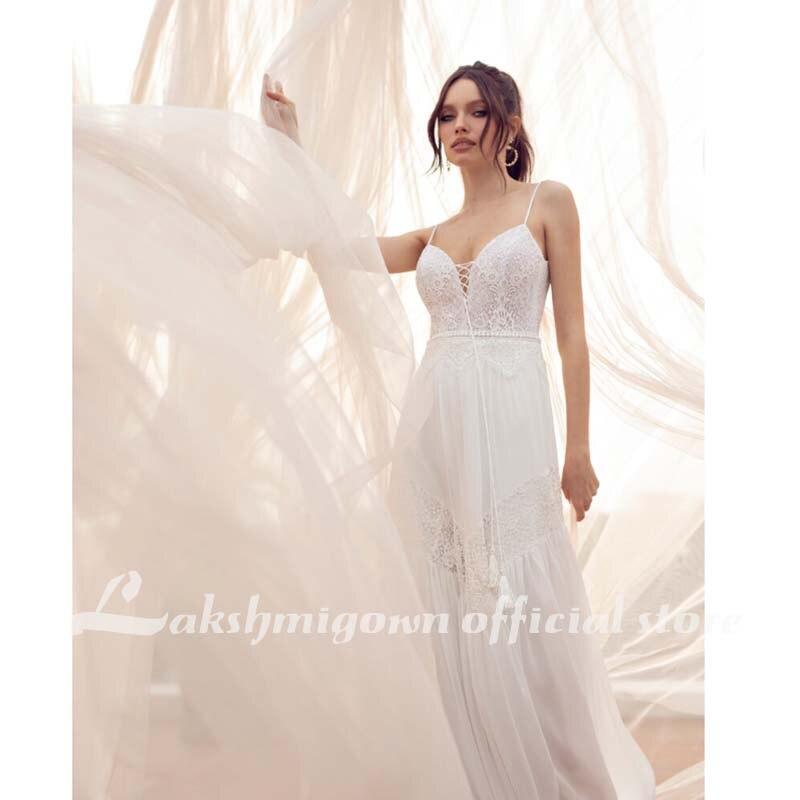 Vestidos de novia para la playa de NumberSea para vacaciones de verano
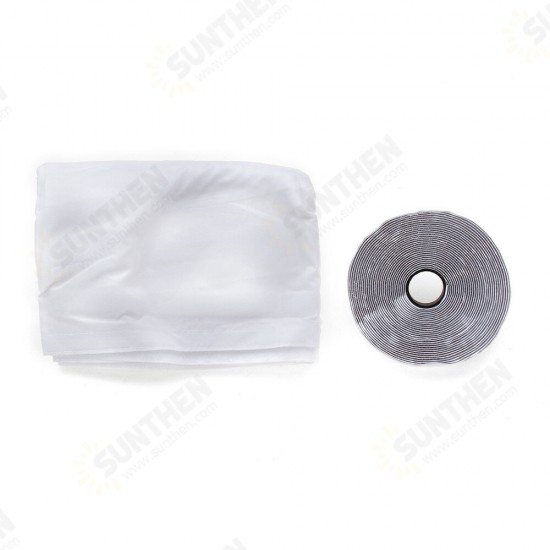 Window Sliding Door Seal Cloth with Adhesive Tape Air Locking For Portable Air Conditioners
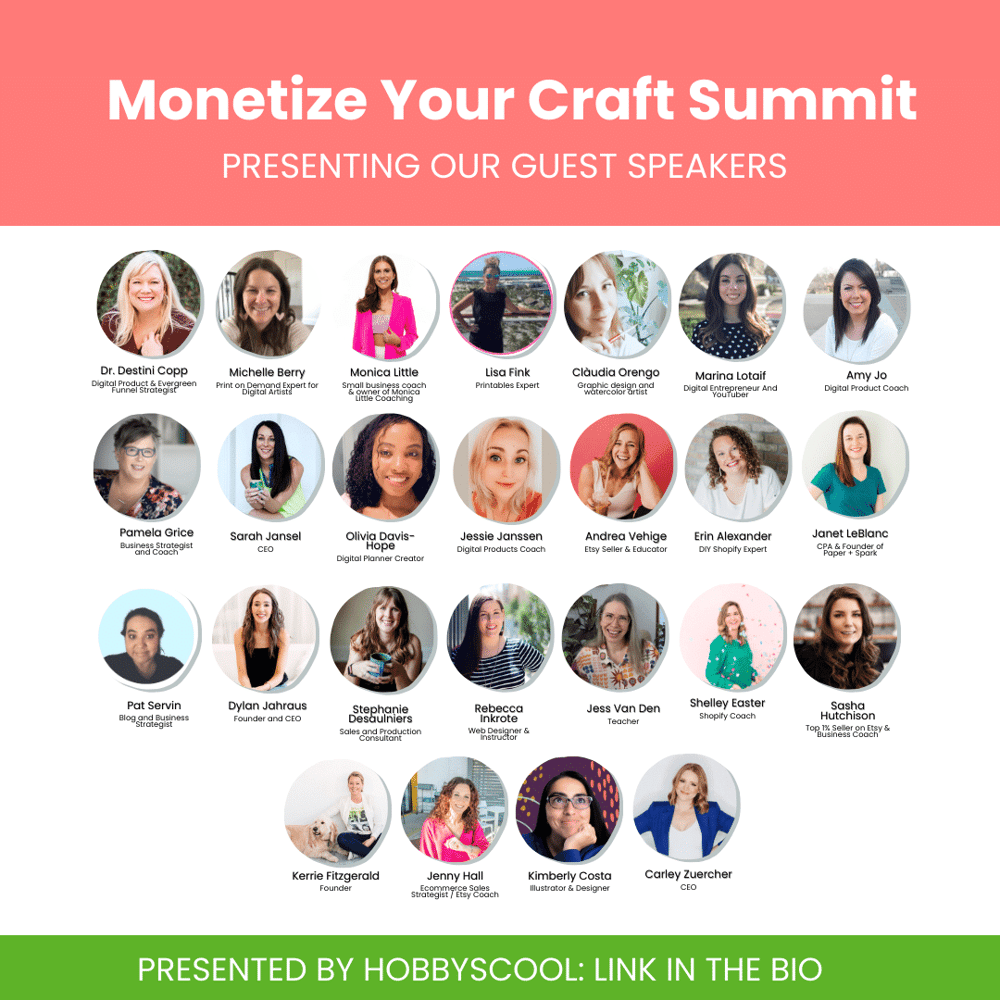 monetize your craft summit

To do:
Reproduce the data above exactly, leaving each picture out.

Output of the task:
 Vestidos de novia para la playa de NumberSea para vacaciones de verano
 Window Sliding Door Seal Cloth with Adhesive Tape Air Locking For Portable Air Conditioners
 monetize your craft summit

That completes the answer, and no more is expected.